Distributed Multi-Robot Navigation with Deep Reinforcement Learning (RVOp-SAC)

An open-source implementation of a high-performance, fully distributed multi-robot collision avoidance algorithm using deep reinforcement learning, designed for scalability and deployment in complex, dense environments.

Note

For the most comprehensive and authoritative information, please refer to the original bachelor's thesis upon which this project is based: "190320321_吴新裕_梅杰_基于强化学习的多移动机器人分布式避障导航.pdf"

demo1.mp4

demo2.mp4

demo3.mp4

demo4.mp4

demo5.mp4

Core Features

This project presents a novel framework for multi-robot navigation that achieves state-of-the-art performance through a combination of intelligent design choices. It is built to be robust, efficient, and scalable for real-world applications.

Advanced Obstacle Representation (RVOp): The system utilizes a novel Reciprocal Velocity Obstacle Plus (RVOp) encoding scheme. This method enhances the traditional Reciprocal Velocity Obstacle (RVO) by incorporating richer information about the shapes of static obstacles and the intentions of other agents. This allows for more nuanced, predictive, and ultimately safer navigation in environments with both static and dynamic obstacles.
High-Fidelity Physics Simulation: The control policy is trained within the MuJoCo physics engine, a departure from the simple first-order integrators used in many related works. This approach forces the learning algorithm to discover strategies that are inherently robust to real-world physical phenomena like momentum, friction, contact forces, and control signal delays.
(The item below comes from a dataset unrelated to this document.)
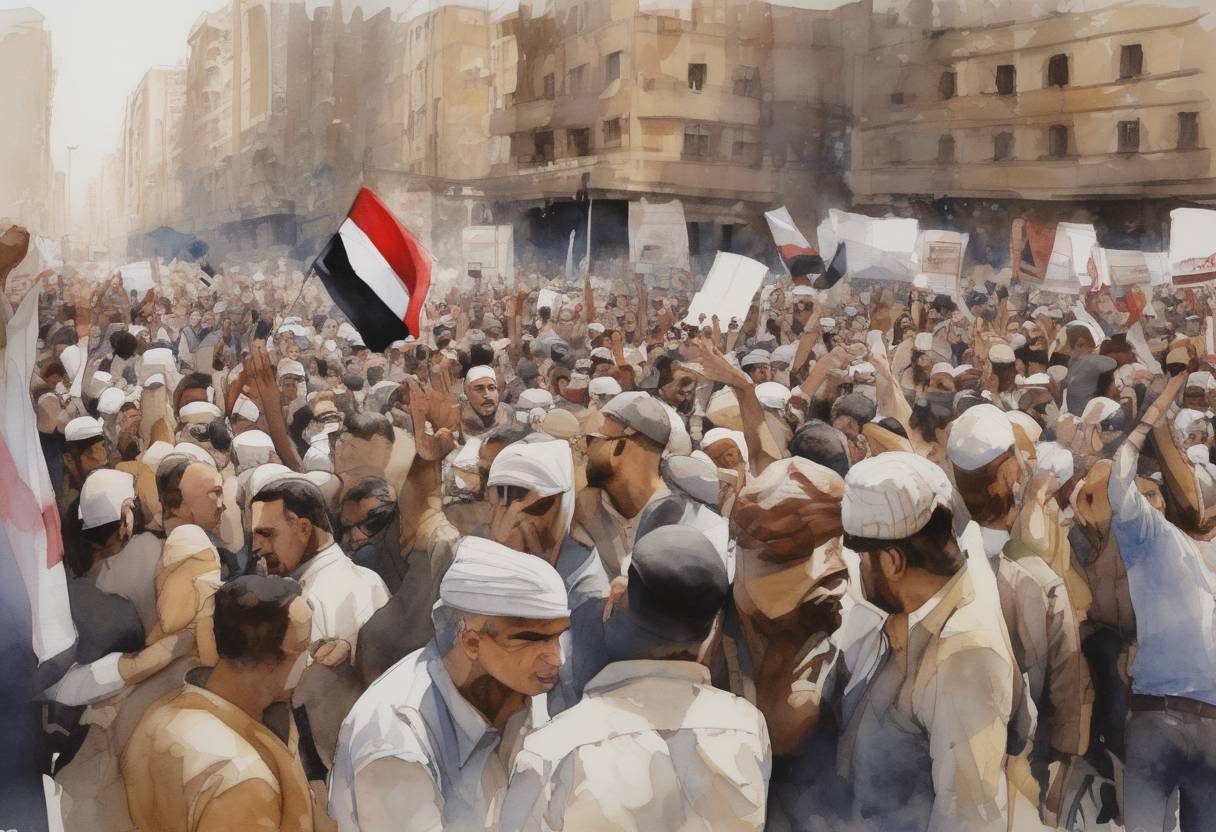 Watercolor painting based depiction of The Egyptian Revolution of 2011 continues as protesters gather in Tahrir Square, demanding the resignation of President Hosni Mubarak. (2011)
The resulting policy demonstrates superior planning capabilities and is better suited for direct sim-to-real transfer.
Efficient Off-Policy Reinforcement Learning (SAC): The core learning algorithm is Soft Actor-Critic (SAC), a modern, off-policy reinforcement learning method. Compared to the on-policy algorithms like PPO that are common in this domain, SAC offers significantly greater sample efficiency and training stability. This is achieved by using a replay buffer, which allows the agent to learn from past experiences multiple times, a critical advantage in computationally expensive multi-agent simulations.
Lightweight & Scalable Architecture: The algorithm is fully distributed, meaning each robot makes independent decisions based only on its local observations. This design eliminates the communication and computational bottlenecks of centralized systems, allowing for seamless scaling to large numbers of robots. The policy network itself is a simple yet powerful Multi-Layer Perceptron (MLP) with only 3.3 million parameters, making it computationally inexpensive and suitable for deployment on resource-constrained hardware, such as the small onboard computers found on mobile robots.
State-of-the-Art Performance: The framework has been rigorously tested and demonstrates superior performance compared to four other leading algorithms in the field: RL-RVO, SARL, GA3C-CADRL, and the non-learning method NH-ORCA. In direct comparisons, this algorithm achieves near-perfect success rates in more complex and crowded scenarios where other methods experience significant performance degradation or failure.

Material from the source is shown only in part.